• **Work to be completed**
State how many lines of the data below hold the string "Gold", giving nothing but the number.

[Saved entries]
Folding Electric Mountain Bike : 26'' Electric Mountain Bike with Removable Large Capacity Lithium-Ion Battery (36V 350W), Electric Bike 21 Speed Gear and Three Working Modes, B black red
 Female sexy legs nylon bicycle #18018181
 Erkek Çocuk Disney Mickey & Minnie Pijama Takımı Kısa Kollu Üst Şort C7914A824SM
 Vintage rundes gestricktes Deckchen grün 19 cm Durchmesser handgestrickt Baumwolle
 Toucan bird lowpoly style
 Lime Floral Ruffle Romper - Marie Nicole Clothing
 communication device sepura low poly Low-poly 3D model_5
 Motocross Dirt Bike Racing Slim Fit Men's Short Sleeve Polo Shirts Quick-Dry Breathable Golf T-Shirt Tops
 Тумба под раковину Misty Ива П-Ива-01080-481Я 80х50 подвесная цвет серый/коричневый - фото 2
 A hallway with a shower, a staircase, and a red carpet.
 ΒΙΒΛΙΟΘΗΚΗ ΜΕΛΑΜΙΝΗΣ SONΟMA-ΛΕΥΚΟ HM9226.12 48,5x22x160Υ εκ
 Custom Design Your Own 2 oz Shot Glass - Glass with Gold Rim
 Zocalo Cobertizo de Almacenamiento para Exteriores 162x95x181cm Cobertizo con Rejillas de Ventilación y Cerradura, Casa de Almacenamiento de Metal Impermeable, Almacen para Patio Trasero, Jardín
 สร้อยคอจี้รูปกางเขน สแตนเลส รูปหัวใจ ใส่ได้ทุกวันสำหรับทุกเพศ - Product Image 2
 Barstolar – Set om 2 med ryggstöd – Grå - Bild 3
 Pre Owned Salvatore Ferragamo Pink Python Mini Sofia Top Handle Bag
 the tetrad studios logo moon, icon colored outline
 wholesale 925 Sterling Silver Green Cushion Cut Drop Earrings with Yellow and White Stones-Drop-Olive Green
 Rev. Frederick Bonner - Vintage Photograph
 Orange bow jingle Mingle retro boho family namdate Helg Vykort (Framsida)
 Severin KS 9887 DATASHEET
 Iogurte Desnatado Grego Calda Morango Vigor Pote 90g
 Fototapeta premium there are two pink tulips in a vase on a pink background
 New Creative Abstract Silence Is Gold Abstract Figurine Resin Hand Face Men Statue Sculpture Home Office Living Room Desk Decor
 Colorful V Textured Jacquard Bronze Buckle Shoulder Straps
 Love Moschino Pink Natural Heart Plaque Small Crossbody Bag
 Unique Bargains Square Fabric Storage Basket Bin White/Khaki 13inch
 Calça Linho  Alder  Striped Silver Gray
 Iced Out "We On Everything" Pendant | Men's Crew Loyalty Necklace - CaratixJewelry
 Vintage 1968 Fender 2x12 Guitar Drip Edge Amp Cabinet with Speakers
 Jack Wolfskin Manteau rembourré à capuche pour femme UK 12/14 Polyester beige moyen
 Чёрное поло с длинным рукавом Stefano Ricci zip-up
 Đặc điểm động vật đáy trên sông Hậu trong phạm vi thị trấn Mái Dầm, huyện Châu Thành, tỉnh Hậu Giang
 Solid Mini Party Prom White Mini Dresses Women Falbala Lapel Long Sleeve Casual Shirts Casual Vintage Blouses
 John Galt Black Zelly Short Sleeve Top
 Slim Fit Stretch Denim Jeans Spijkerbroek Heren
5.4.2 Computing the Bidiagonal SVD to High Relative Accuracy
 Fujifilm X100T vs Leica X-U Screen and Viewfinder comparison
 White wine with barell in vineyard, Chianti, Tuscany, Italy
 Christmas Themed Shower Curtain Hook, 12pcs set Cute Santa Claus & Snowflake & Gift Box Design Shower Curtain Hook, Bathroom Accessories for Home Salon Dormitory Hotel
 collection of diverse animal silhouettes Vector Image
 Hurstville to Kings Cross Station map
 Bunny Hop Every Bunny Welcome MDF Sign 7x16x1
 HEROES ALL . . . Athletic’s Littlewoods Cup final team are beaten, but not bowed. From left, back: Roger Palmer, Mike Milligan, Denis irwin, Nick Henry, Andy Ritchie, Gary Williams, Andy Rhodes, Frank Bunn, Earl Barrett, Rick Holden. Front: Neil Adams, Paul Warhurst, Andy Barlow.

• **Completed exercise**
2